Grant number: 23/16700-3
Support Opportunities:Scholarships abroad - Research Internship - Scientific Initiation
Start date: March 01, 2024
End date: June 05, 2024
Field of knowledge:Biological Sciences - Ecology - Applied Ecology
Principal Investigator:Marcio Roberto Costa Martins
Grantee:Augusto Nunes Carvalho
Supervisor: Matthew Craig Hutchinson
Host Institution: Instituto de Biociências (IB). Universidade de São Paulo (USP). São Paulo , SP, Brazil
Institution abroad: University of California, Merced (UC Merced), United States  
Associated to the scholarship:23/06268-7 - Does the replacement of native forest with eucalyptus plantations influences the structure of anuran-prey trophic networks?, BP.IC

Abstract

Ecological interactions between predator and prey are fundamental to the comprehension of the organization of animal assemblages. These interactions can be collectively represented by interaction networks, through which it is possible to evaluate the emergence of non-random structures. Connectance describes the proportion of realized interactions in the network. Modularity is a commonly found structure, which describes sets of predators and prey that interact more with each other than with the rest of the network. Among the factors that shape connectance and modularity, we have community attributes, like species richness and abundance distributions, and species behaviour. These attributes are influenced by environmental changes, as already documented for vertebrates in tropical-forest ecosystems where native forest has been replaced by silviculture.
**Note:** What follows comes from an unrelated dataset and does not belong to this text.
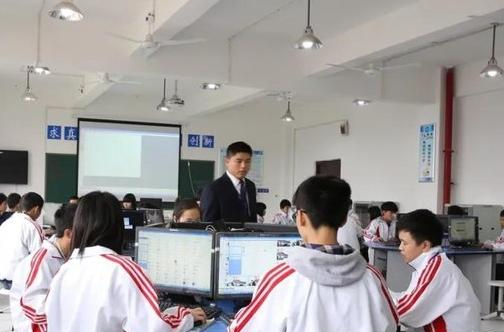 宜宾职业技术学校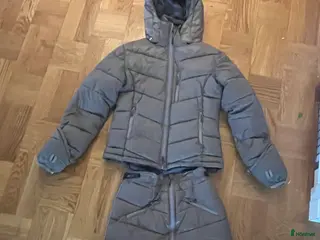 Jackor & Kavajer ryttarutrustning till salu: Uhip nordic ridjacka och kjol limited färg - Annons 2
Therefore, it is expected that the substitution of native forest with silviculture will lead to changes in the interaction networks patterns, but how this substitution impacts the structure of predator preferences and trophic networks is still underexplored. We hypothesize that, through a filtering of specialist predators, there is a rise in connectance and less modularity in the networks from silviculture sites, when compared with native forest sites. Preliminary network analyses find this hypothesis to not be corroborated. The silviculture environment presents low connectance and highly modular structure when the network is based in the core subsets of interactions. This project aims to explore these unexpected results through dietary analysis of an Atlantic Forest community and an Eucalyptus sp. plantation community. To achieve this, we will compare dietary abundance distributions and explore niche overlap and niche packing.